If you answered (c), then you understand the basic logic of the President's new proposal
for federal assistance to states and school boards for K-12 education. As noted in last week's DLC Update, the
President said in his State of the Union address that virtually all federal school assistance should
be made contingent on acceptance of a five-part strategy for education reform designed to promote
accountability for educational results -- with the amount of aid keyed to success in achieving these
results.
This is a radical departure from the status quo not only in federal education policy, but
in the relationship between the federal government and state and local recipients of federal dollars.
For decades, the old, familiar pattern of federal grant design has been the so-called
"categorical grant" -- essentially (a) above. Federal cash is doled out for a narrow
purpose by some population or "need" formula with its use micro-managed by federal
bureaucrats, and little or no attention is paid to actual results other than as an ex post facto
justification for more congressional "funding." As a generation of state and local
officials and reformers have noted, categorical grants tend to reproduce federal bureaucracies in
state capitals, city halls, and county courthouses while complicating if not thwarting the use of
federal money in a way that responds to local needs.
A more recent trend, especially beloved of Republicans, is to create "block
grants" in their purest form -- essentially (b) above.
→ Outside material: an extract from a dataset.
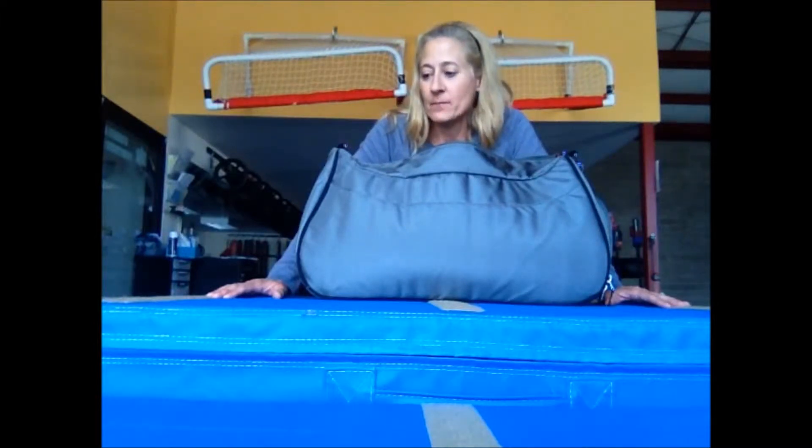The bag comes from a company called LiveWell360, and their website is livewell360.com. I bought the Core Bag, which is one of their bigger bags.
In the legitimate pursuit of freedom from
the micro-management of means in categorical grants, block grants offer an
illegitimate indifference about ends -- the national purposes that make expenditure of
federal funds necessary and appropriate in the first place. A good example is the education block
grant promoted by congressional Republicans. It would require that a certain percentage of federal
K-12 funds be spent in the classrooms, but otherwise does not specify what state governments or
school boards should seek to accomplish with the funds. Furthermore, funding is by formula, just
as with the old categorical grants. The overall message from the federal government is: "We
don't care what happens to this money. You can even waste it -- so long as you waste it in the
classroom."
The President's proposal is the logical "third way" for federal engagement
of state and local governments in education and other areas traditionally managed by them,
offering simple conditions linked to the national purpose that provides the rationale for federal
funding, and rewarding success instead of failure. It builds on the example of the performance
bonuses recently offered by the federal government -- first proposed by the Progressive Policy
Institute and attached to the landmark 1996 welfare reform legislation by DLC Chairman Sen. Joe Lieberman (D-CT) -- to states that
succeed in placing welfare recipients in private sector jobs. Furthermore, performance-based
grants offer a good model for state governments offering assistance to local governments or
private sector organizations in a wide variety of issue areas.
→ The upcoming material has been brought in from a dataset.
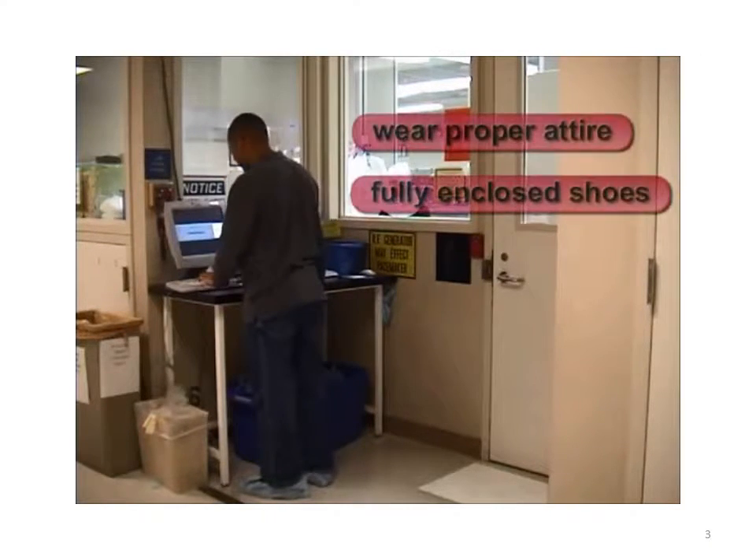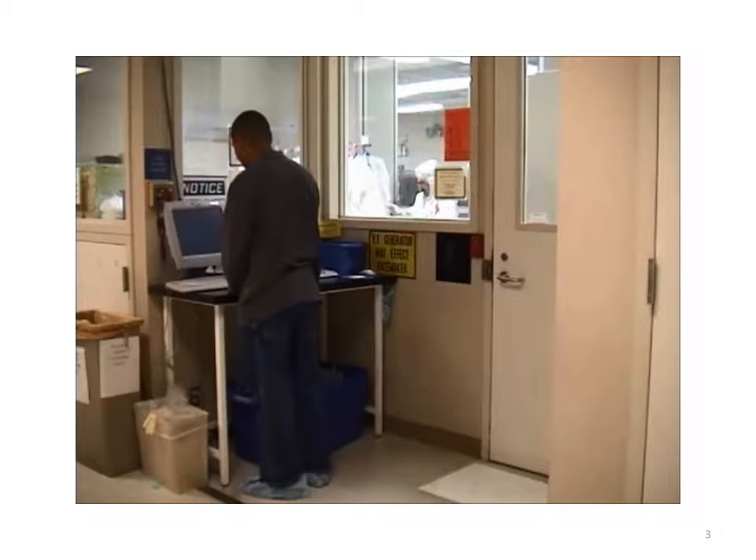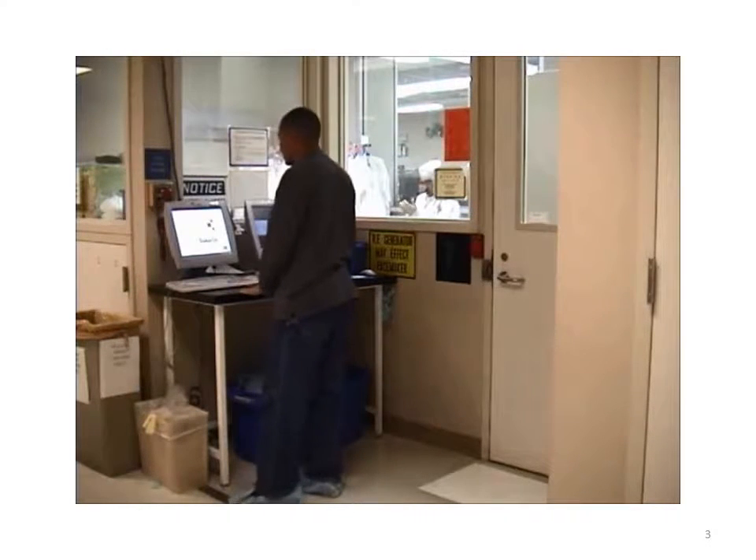Please wear appropriate attire. Shoes should fully enclose the feet — no sandals, open toe, or sling back shoes. Shoes should be made of non-porous materials, not nylon or mesh. Check your shoes to avoid tracking dirty debris into the gowning room. Please remove outer clothing, especially fuzzy sweaters.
The details of the President's performance-based education grant proposal have not
yet been released, and state and local officials have appropriately withheld comment until it is clear
the actual proposal matches the President's rhetoric. If it does, however, it is critical that New
Democrat governors, legislators, school board members, and other local elected officials, accept
the challenge of accountability.
It is understandable that state and local officials in both parties would prefer the maximum
amount of federal assistance with the minimum amount of accountability for its use. But it is
important to the country that public officials who spend taxpayer dollars, regardless of the
immediate source, accept accountability for achieving the public policy goals according to the best
and clearest yardsticks of the desired outcomes. State and local officials have nothing to fear but
failure. More to the point, nothing should succeed like success.